ASSIGNMENT:
Keeping every word the same, give again only the lines from the one with "Fluffy V-Neck Knit - Pink" through the end of the data, both included, and leave every picture out.

WORKING DATA:
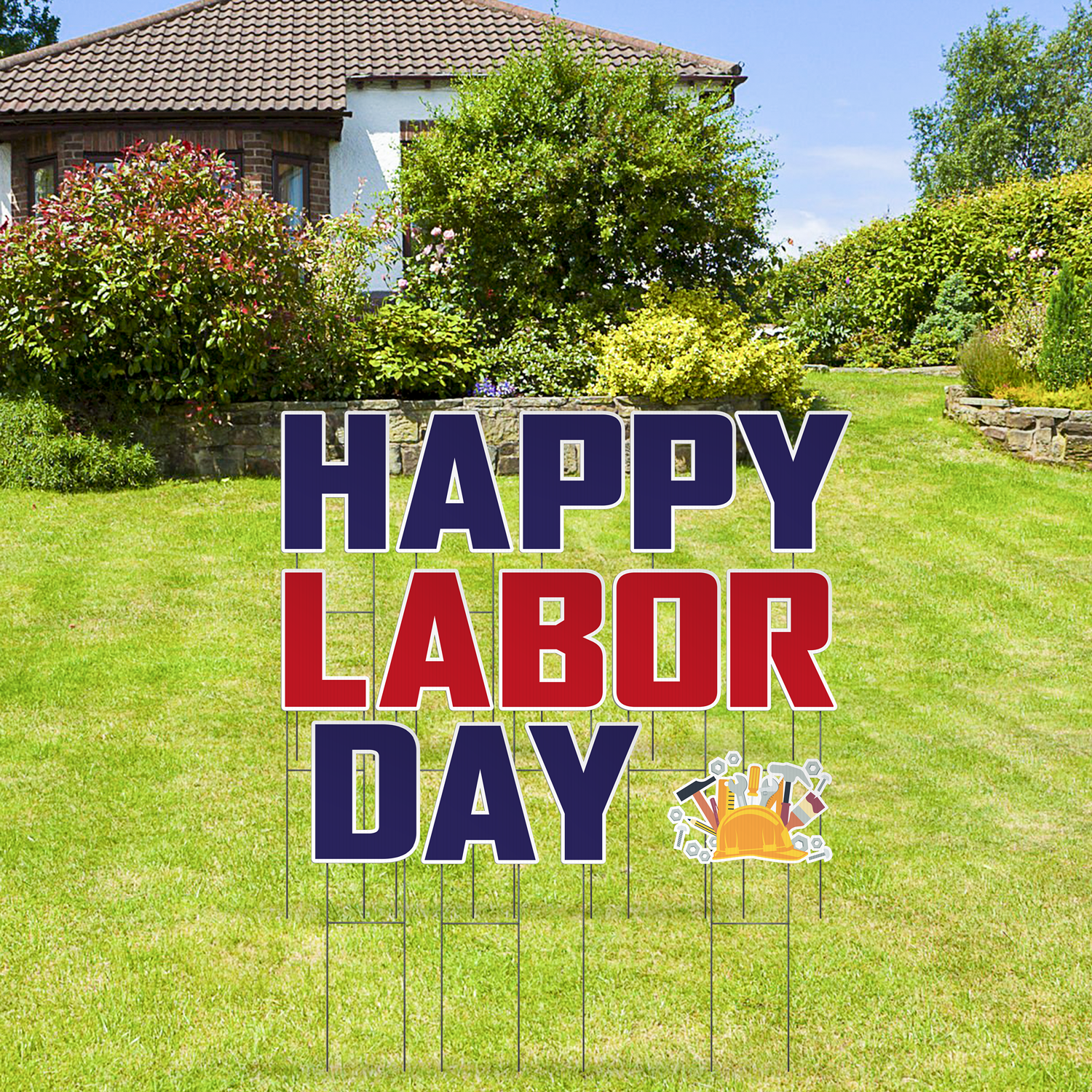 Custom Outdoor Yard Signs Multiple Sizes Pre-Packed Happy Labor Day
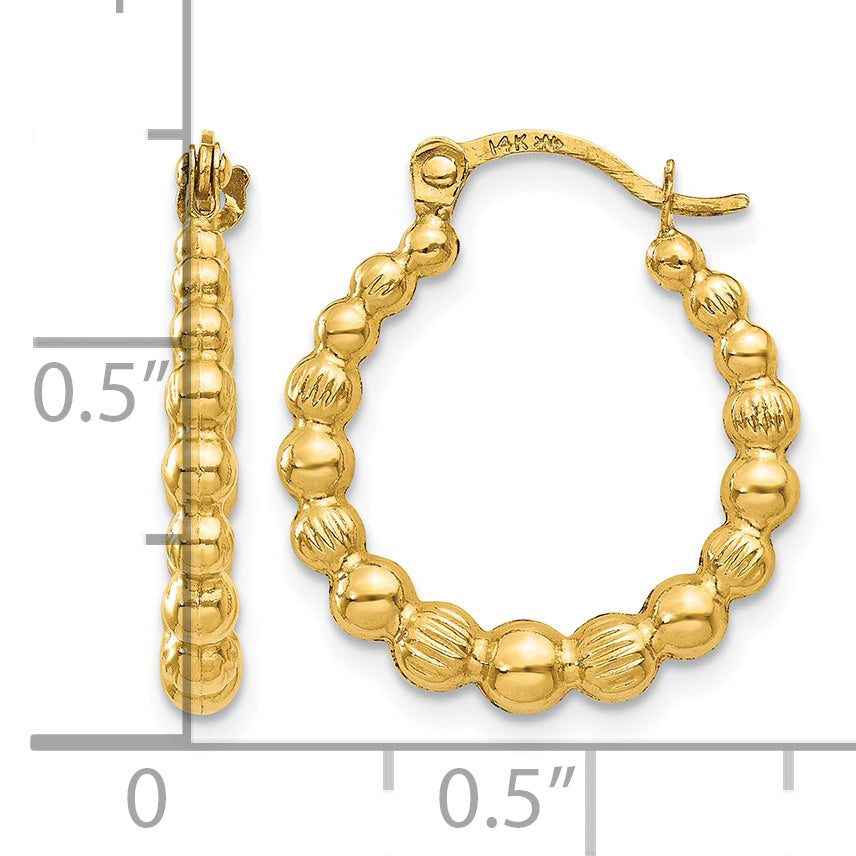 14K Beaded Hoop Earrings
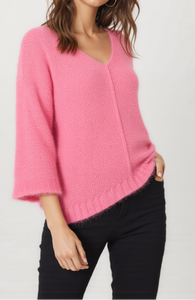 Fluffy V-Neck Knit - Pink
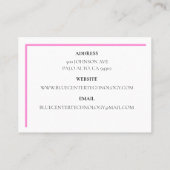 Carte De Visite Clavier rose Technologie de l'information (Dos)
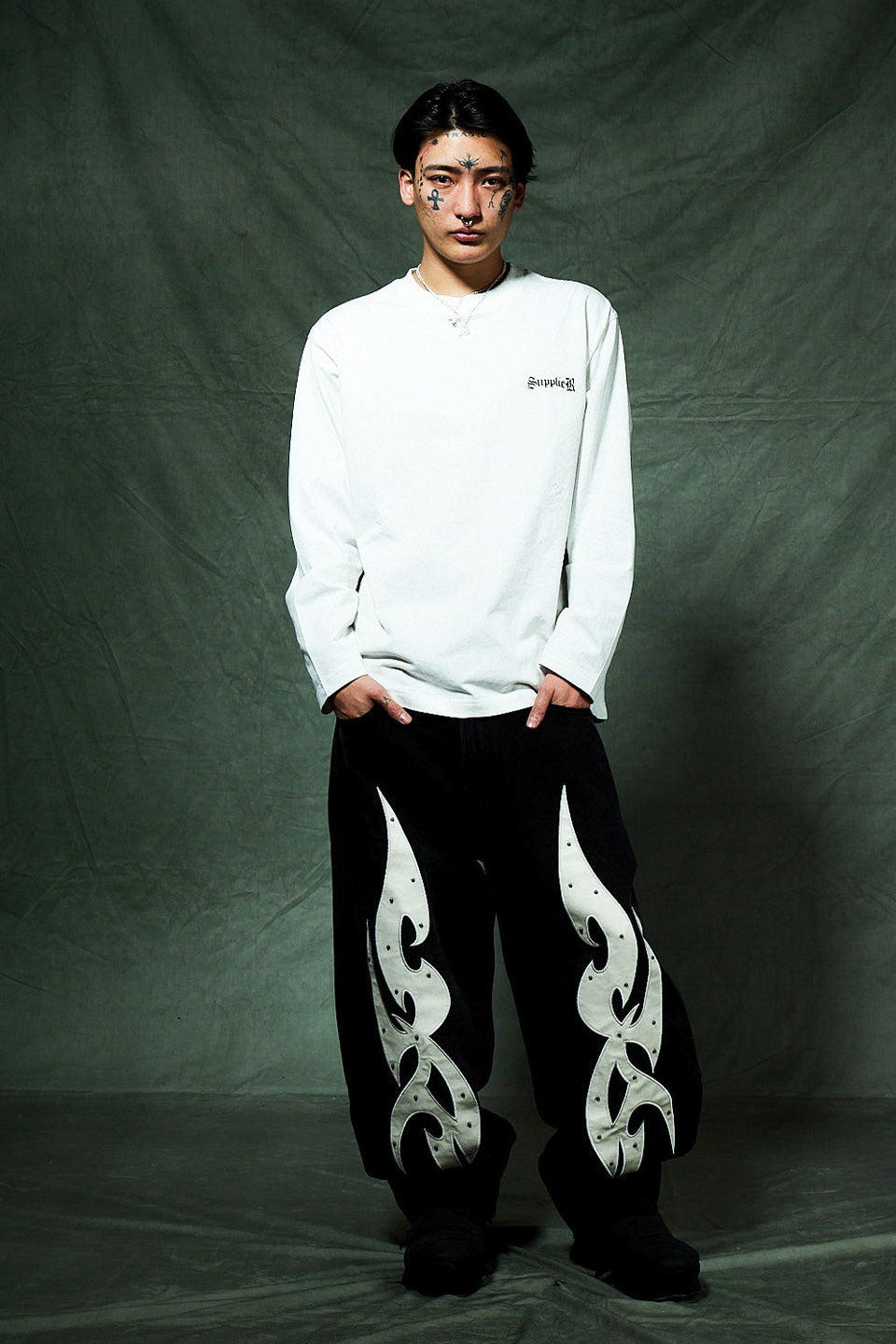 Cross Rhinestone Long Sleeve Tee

ANSWER BOX:
 Fluffy V-Neck Knit - Pink
 Carte De Visite Clavier rose Technologie de l'information (Dos)
 Cross Rhinestone Long Sleeve Tee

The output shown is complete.